REQUIREMENT: Every line of the material below, from the top through the line with "Макраме настенное украшение", should be reproduced exactly.

ENTRIES SHOWN:
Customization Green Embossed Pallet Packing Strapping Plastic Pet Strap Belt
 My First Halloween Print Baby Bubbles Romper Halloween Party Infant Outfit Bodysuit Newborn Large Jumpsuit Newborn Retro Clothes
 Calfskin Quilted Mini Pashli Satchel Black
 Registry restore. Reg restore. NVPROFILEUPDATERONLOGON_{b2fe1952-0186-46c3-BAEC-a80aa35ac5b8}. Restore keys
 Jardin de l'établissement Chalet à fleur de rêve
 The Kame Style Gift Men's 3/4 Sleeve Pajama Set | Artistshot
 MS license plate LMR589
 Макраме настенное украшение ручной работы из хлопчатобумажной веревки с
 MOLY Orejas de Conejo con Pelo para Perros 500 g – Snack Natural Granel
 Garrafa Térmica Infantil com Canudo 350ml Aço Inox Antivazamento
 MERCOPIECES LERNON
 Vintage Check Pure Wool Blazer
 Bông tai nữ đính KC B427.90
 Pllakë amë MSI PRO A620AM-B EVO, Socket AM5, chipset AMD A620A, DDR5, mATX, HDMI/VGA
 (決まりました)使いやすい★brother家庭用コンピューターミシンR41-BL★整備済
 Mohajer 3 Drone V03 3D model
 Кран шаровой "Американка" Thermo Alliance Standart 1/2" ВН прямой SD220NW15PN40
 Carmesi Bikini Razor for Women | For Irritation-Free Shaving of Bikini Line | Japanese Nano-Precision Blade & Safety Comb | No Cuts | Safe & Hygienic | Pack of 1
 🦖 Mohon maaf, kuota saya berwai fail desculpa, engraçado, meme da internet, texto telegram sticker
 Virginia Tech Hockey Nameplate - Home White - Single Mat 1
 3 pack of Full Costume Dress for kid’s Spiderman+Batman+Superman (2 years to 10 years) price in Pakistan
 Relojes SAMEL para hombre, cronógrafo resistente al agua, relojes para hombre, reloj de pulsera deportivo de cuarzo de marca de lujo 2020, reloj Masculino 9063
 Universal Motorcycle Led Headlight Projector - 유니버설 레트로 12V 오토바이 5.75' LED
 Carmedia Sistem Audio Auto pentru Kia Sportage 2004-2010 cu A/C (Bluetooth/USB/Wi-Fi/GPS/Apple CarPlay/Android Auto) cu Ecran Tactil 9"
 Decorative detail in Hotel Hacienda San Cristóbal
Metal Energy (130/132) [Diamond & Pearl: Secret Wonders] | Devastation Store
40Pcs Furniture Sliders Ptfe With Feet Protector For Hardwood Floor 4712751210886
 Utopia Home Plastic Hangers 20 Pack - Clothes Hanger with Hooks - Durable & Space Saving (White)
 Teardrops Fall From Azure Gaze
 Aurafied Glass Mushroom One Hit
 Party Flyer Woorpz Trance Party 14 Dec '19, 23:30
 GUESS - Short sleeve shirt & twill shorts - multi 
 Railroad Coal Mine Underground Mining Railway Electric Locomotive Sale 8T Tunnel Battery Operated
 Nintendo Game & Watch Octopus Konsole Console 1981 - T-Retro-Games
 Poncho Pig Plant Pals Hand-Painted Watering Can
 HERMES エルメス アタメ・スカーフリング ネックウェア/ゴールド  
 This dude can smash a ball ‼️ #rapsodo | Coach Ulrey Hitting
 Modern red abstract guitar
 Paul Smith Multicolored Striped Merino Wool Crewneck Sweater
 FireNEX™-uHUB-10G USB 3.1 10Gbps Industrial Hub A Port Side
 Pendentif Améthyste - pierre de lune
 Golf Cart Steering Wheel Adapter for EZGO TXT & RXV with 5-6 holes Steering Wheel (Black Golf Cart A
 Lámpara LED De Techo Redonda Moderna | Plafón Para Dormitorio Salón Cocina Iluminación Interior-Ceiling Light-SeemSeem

RESPONSE TO THE TASK:
Customization Green Embossed Pallet Packing Strapping Plastic Pet Strap Belt
 My First Halloween Print Baby Bubbles Romper Halloween Party Infant Outfit Bodysuit Newborn Large Jumpsuit Newborn Retro Clothes
 Calfskin Quilted Mini Pashli Satchel Black
 Registry restore. Reg restore. NVPROFILEUPDATERONLOGON_{b2fe1952-0186-46c3-BAEC-a80aa35ac5b8}. Restore keys
 Jardin de l'établissement Chalet à fleur de rêve
 The Kame Style Gift Men's 3/4 Sleeve Pajama Set | Artistshot
 MS license plate LMR589
 Макраме настенное украшение ручной работы из хлопчатобумажной веревки с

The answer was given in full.